Figure 1: Cinder Architecture - The Cinder Scheduler selects the backend, and the Volume Driver translates API calls into storage commands
- Laboratory: The LVM Driver manages local logical volumes on a standard Linux server.
- Enterprise: Customized drivers for Dell EMC, NetApp, or HPE arrays translate API calls into proprietary storage commands.
- Scale-Out: The Ceph Driver allows Cinder to provision resources from a distributed, software-defined storage cluster. When a user executes a creation command, Cinder identifies the correct driver and signals the backend hardware to provision the requested Logical Unit Number (LUN).
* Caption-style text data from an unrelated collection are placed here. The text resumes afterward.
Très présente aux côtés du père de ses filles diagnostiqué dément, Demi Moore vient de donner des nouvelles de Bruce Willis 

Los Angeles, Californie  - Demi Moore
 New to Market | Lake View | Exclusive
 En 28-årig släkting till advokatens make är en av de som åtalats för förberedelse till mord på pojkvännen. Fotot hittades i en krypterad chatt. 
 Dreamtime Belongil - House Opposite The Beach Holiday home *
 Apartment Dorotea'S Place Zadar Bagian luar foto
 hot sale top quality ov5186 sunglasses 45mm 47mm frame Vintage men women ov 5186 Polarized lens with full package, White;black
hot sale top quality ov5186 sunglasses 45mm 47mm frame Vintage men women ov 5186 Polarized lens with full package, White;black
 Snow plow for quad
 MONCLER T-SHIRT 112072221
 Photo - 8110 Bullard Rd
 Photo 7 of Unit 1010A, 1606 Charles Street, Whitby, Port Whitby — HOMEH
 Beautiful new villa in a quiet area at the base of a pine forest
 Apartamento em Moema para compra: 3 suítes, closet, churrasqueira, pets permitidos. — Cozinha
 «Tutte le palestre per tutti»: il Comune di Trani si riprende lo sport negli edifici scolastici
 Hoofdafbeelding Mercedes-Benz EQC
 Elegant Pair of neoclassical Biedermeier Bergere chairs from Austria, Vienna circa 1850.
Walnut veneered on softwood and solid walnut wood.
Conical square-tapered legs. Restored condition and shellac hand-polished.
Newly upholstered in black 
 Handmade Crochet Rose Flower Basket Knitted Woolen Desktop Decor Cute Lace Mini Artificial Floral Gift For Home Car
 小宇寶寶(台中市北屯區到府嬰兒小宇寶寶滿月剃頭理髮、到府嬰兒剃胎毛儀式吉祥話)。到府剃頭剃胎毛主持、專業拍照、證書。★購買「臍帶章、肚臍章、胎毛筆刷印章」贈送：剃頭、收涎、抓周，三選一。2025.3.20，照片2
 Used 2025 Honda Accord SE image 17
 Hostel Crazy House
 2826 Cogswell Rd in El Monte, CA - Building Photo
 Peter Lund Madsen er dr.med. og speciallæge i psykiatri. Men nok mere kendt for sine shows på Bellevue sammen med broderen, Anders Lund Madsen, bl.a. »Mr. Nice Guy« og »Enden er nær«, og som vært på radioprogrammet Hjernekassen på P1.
2.2 The Attachment Process (iSCSI/RBD)
The mechanism for attaching a volume to an instance involves a coordinated handshake between services.
Figure 2: The Attachment Handshake - How Nova and Cinder coordinate to plug a remote disk into a running VM
2.3 Deep Dive: Storage Backends
Cinder operates as an abstraction layer, capable of interfacing with a diverse array of storage backends. In private cloud environments, the two most prevalent technologies serve as excellent examples of this flexibility: the Network File System (NFS) and the Ceph distributed storage cluster.
2.3.1 NFS (Network File System)
- The Network File System (NFS) represents the simpler deployment model, often utilized in smaller environments or laboratories.
- In this architecture, Cinder acts as a client that mounts a remote directory from an existing NAS appliance or Linux server (e.g., 192.168.1.5:/toptier).
- When a user requests a new volume, the Cinder Volume service generates a large file, typically in the QCOW2 format, within this mounted directory.
- While this approach is notably easy to implement—requiring only a standard Linux server or a commercial NAS like Synology—it suffers from scalability limitations.
- The performance of the entire cloud storage pool is often constrained by the throughput of the single network link connecting the Controller to the NAS, creating a significant bottleneck and a single point of failure.
2.3.2 Ceph (The Gold Standard)
- In contrast, Ceph represents the industry standard for production-grade OpenStack deployments.
- As a software-defined storage solution, Ceph eliminates the need for a central storage controller.
- Instead, it aggregates storage capacity from hundreds of individual hard drives distributed across many physical servers, unifying them into a massive, scalable "Pool." The integration between Cinder and Ceph is facilitated by the librbd library, which allows Cinder to manage reliable RADOS Block Devices (RBD).
- Ceph distinguishes itself through its self-healing capabilities and advanced snapshotting mechanism.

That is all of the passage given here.